_Records to use:_
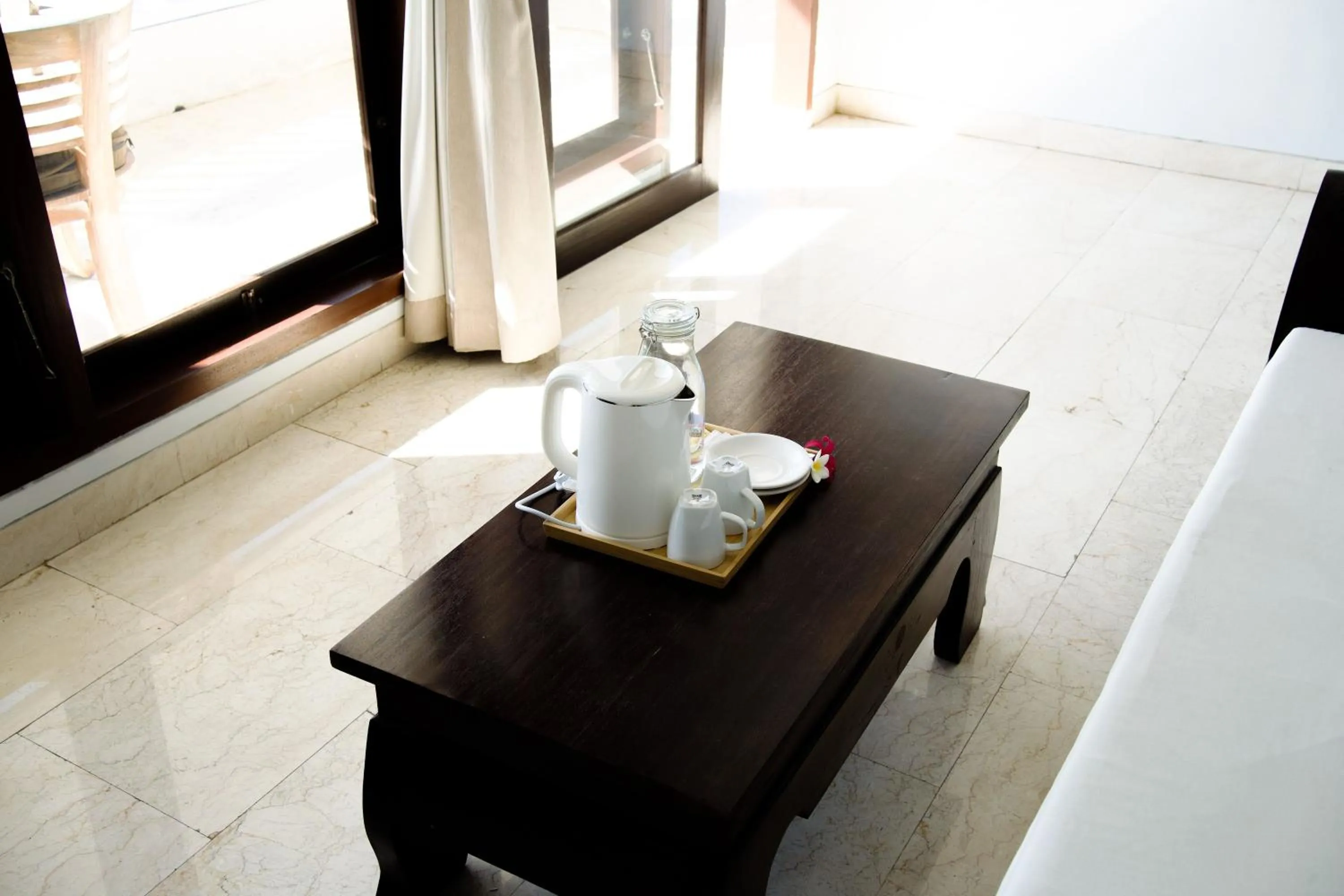 Coffee/tea facilities in Alam Bali Beach Resort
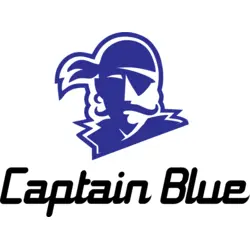 Captain Blue Logo PNG Vector logo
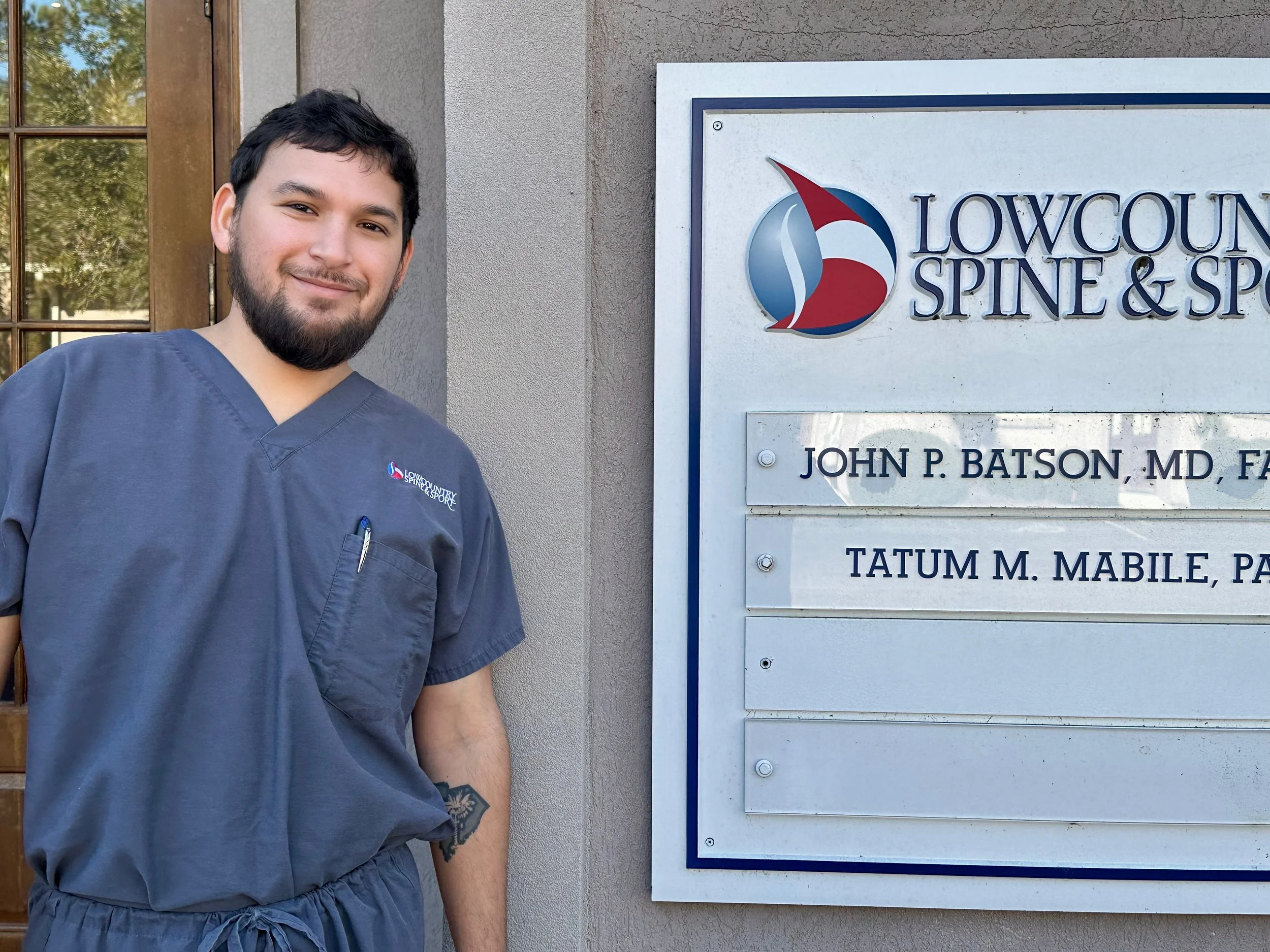 Miguel has been part of the Lowcountry Spine and Sport team for over nine years and currently serves as Clinical Manager.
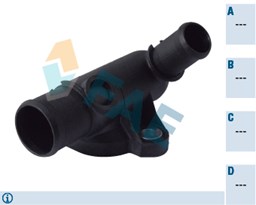 Kołnierz płynu chłodzącego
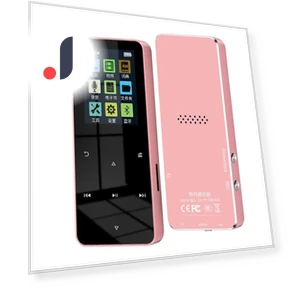 Metal Touch MP3 MP4 Music Player — Portable Media Players, Essager Electronic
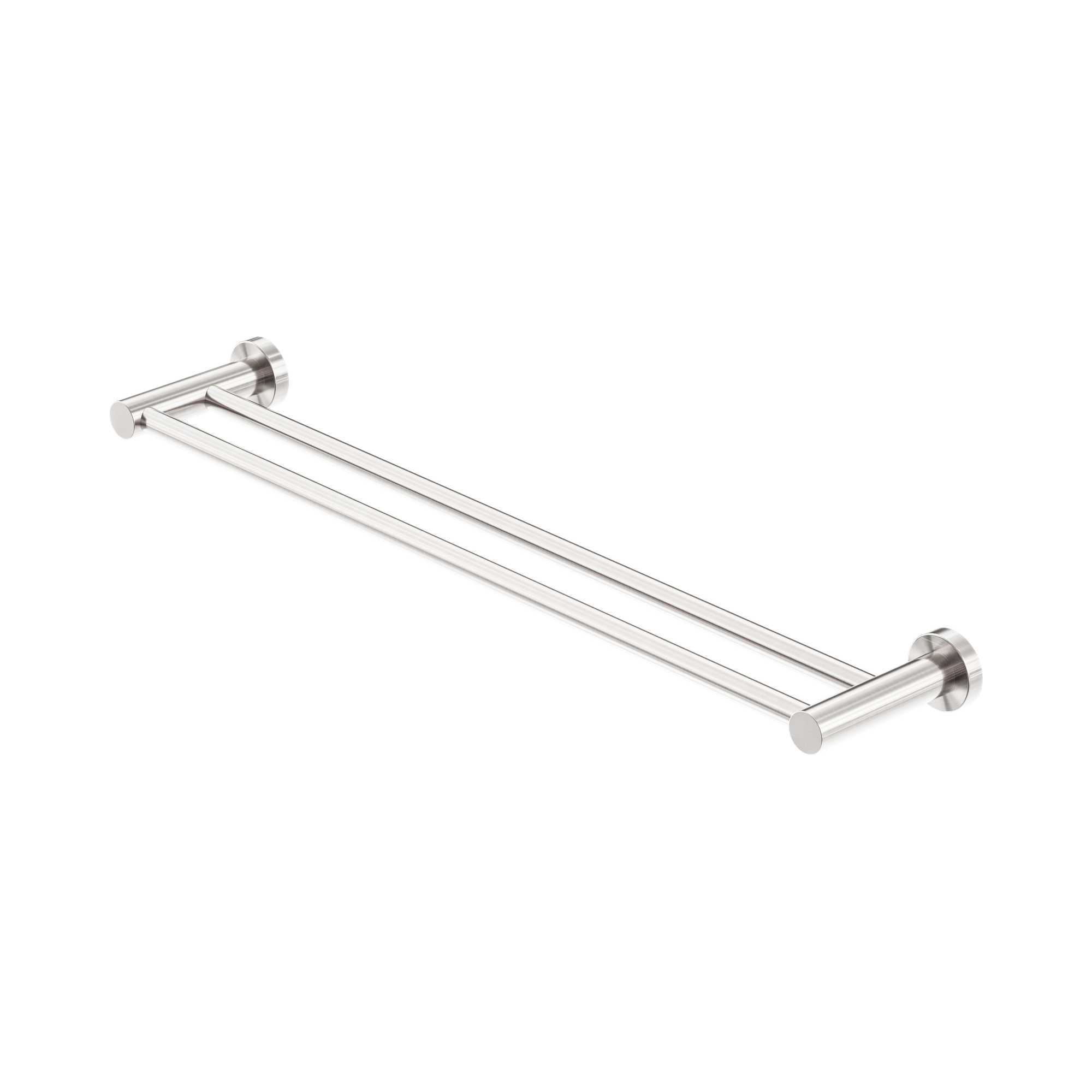 Mecca Double Towel Rail 600mm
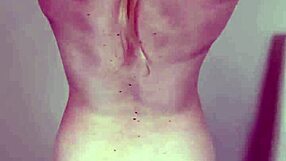 Blonde Muscle Girl Crushes Tiny 18+ Biceps in Humiliating Wrestling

_Action item:_ No pictures belong in the copy. Repeat the listing above exactly.

_Completed task:_
 Coffee/tea facilities in Alam Bali Beach Resort
 Captain Blue Logo PNG Vector logo
 Miguel has been part of the Lowcountry Spine and Sport team for over nine years and currently serves as Clinical Manager.
 Kołnierz płynu chłodzącego
 Metal Touch MP3 MP4 Music Player — Portable Media Players, Essager Electronic
 Mecca Double Towel Rail 600mm
 Blonde Muscle Girl Crushes Tiny 18+ Biceps in Humiliating Wrestling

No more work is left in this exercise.